◆ Task description ◆
A faithful, word-for-word copy of the data below is required, without pictures.

▬▬▬▬▬▬

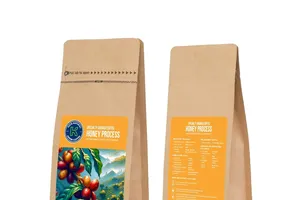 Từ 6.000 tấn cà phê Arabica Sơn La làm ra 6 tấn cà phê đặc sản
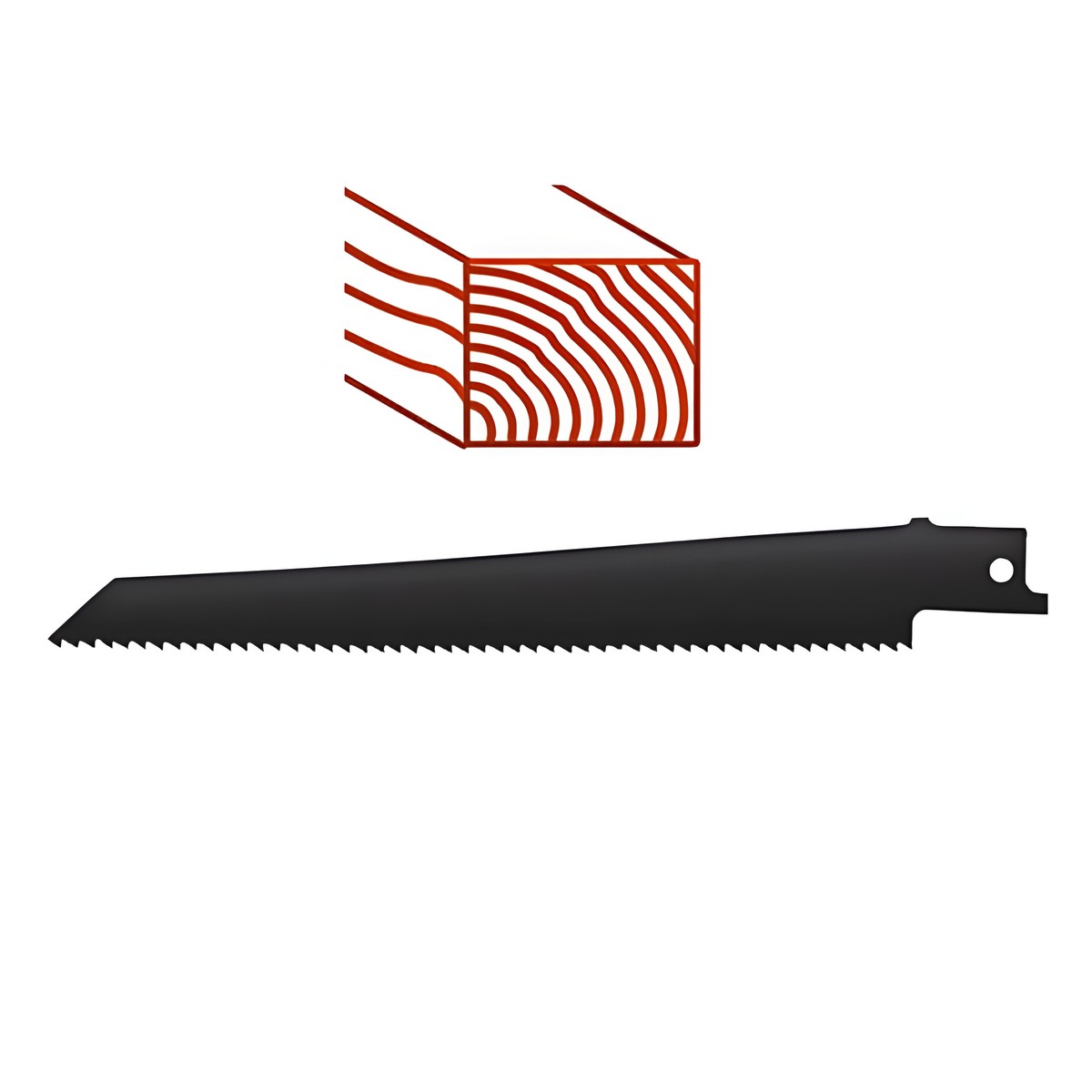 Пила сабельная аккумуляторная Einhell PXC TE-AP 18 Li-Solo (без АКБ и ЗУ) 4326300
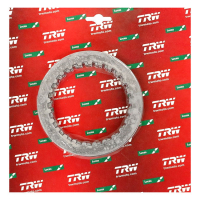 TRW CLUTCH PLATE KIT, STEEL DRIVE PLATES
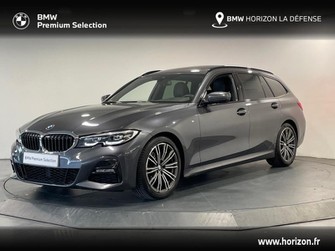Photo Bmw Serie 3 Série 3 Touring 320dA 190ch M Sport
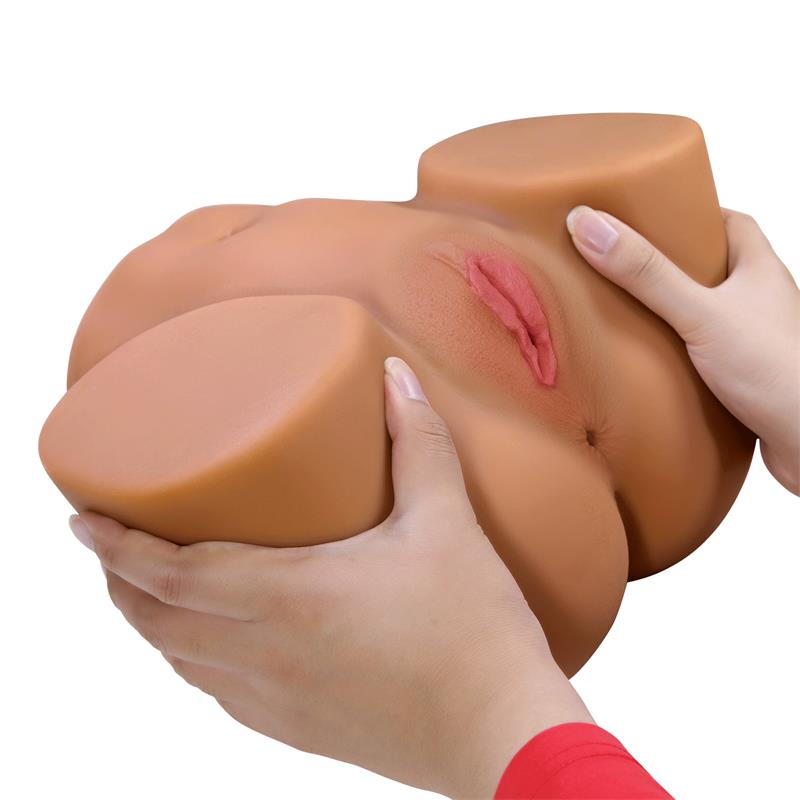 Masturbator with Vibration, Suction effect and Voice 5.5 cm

▬▬▬▬▬▬

◆ Answer section ◆
 Từ 6.000 tấn cà phê Arabica Sơn La làm ra 6 tấn cà phê đặc sản
 Пила сабельная аккумуляторная Einhell PXC TE-AP 18 Li-Solo (без АКБ и ЗУ) 4326300
 TRW CLUTCH PLATE KIT, STEEL DRIVE PLATES
Photo Bmw Serie 3 Série 3 Touring 320dA 190ch M Sport
 Masturbator with Vibration, Suction effect and Voice 5.5 cm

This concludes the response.